俳句の作り方 薔薇の俳句
薔薇崩る激しきことの起る前 橋本多佳子ハシモトタカコ
ばらくずる はげしきことの おこるまえ
薔薇が初夏の季語。
薔薇は中国から渡来し、そうびと呼ばれました。
菅原道真スガワラノミチザネの歌や紀貫之キノツラユキらの
「古今集」コキンシュウにも登場します。
橋本多佳子は感受性の鋭い俳人です。
形が乱れた薔薇を見て「激しきこと」を予知しました。
薔薇崩る激しきことの起る前
大きな不安を抱えていた時、散りかけの薔薇を見た作者。
「激しきこと」が起こるのではないかと危惧します。
「激しきこと」とは何だったのでしょう?
激しいをネットの辞書で引いてみました。
「勢いが大変強い・・・激しい風雨、気性のはげしい人」
「程度が普通でない」
大地震が来るのかもしれない。
肉親の乗った列車が鉄橋から落下するのかもしれない。
いずれにせよはっきりとは分かりません。
橋本多佳子は不安の輪郭を捉えていないのです。
漫然とした強大な不安に囚われているのです。
それだからこそいっそう苦しい。
薔薇崩る激しきことの起る前
さてここで、橋本多佳子の略歴を紹介します。
東京生まれ。
1899年、明治32年生まれ。1963年、昭和38年没。
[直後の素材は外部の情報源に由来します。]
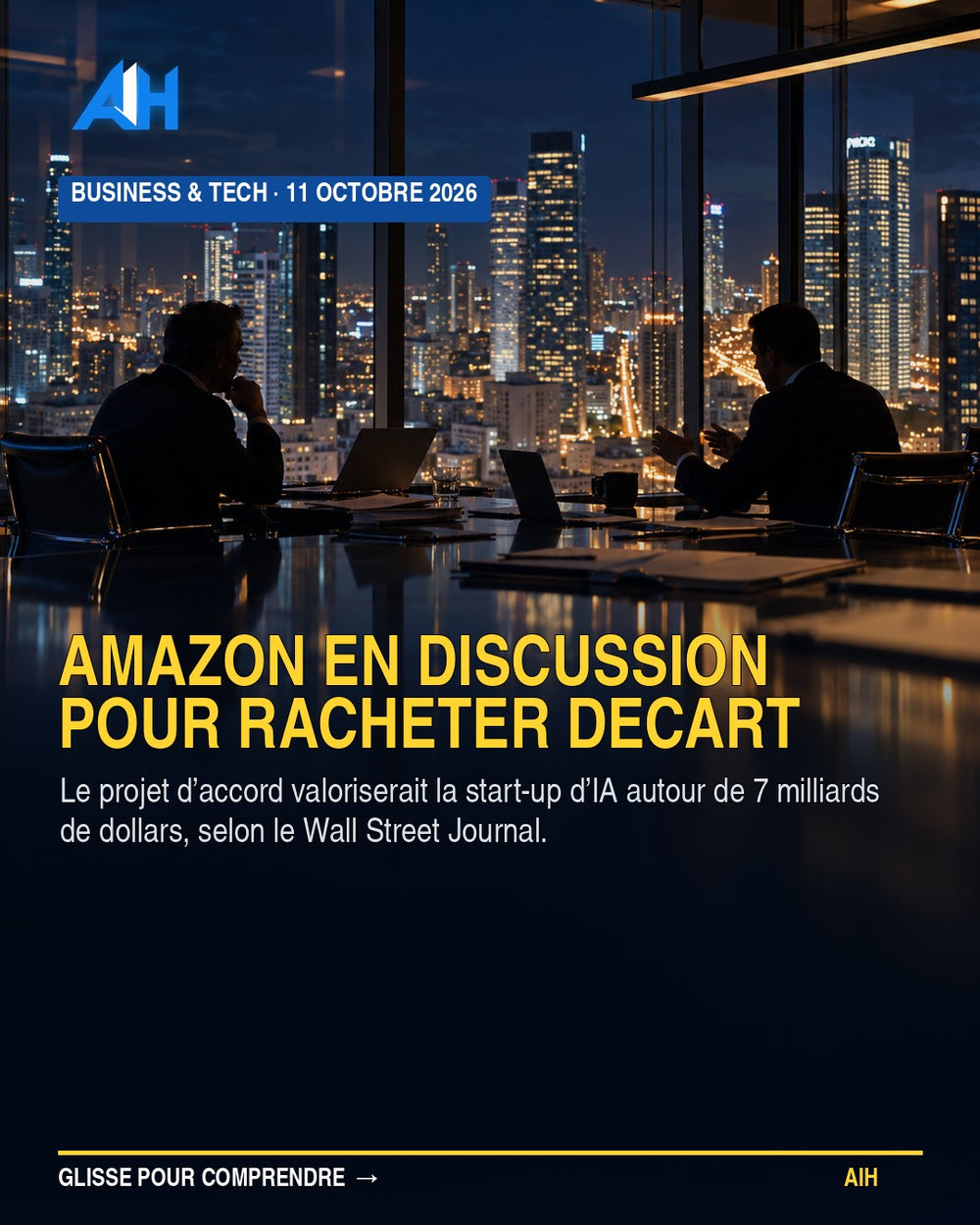 Amazon en discussions pour racheter Decart autour de 7 milliards de dollars — visuel éditorial illustratif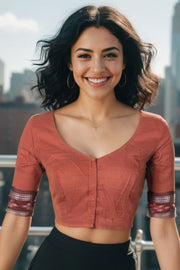 Brown Odisha Cotton Blouse 10072443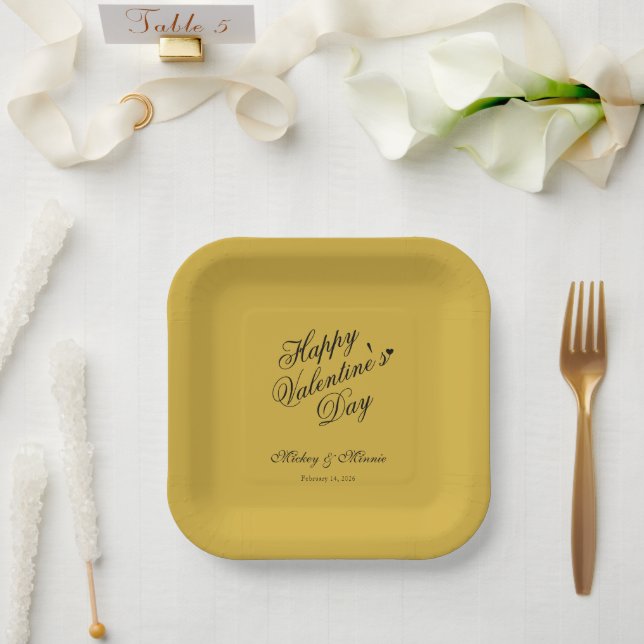 Assiettes En Carton Minimalist Valentine’s Day Love Themed (Mariage)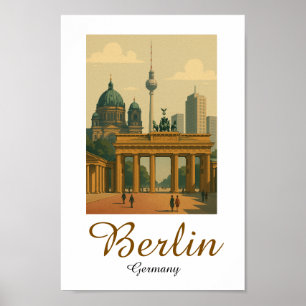 Klassisk Vintage Berlin, Tysklant landmärke Poster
64歳。
23歳で俳句を志しました。
山口誓子ヤマグチセイシに師事しました。
山口誓子は反抒情的な句風で知られています。
また、4Tと称せられたうちの一人です。
4Tとは、中村汀女ナカムラテイジョ・星野立子ホシノタツコ・三橋鷹女ミツハシタカジョ、
そして橋本多佳子です。
下の名前がアルファベットのTで始まるので4Tです。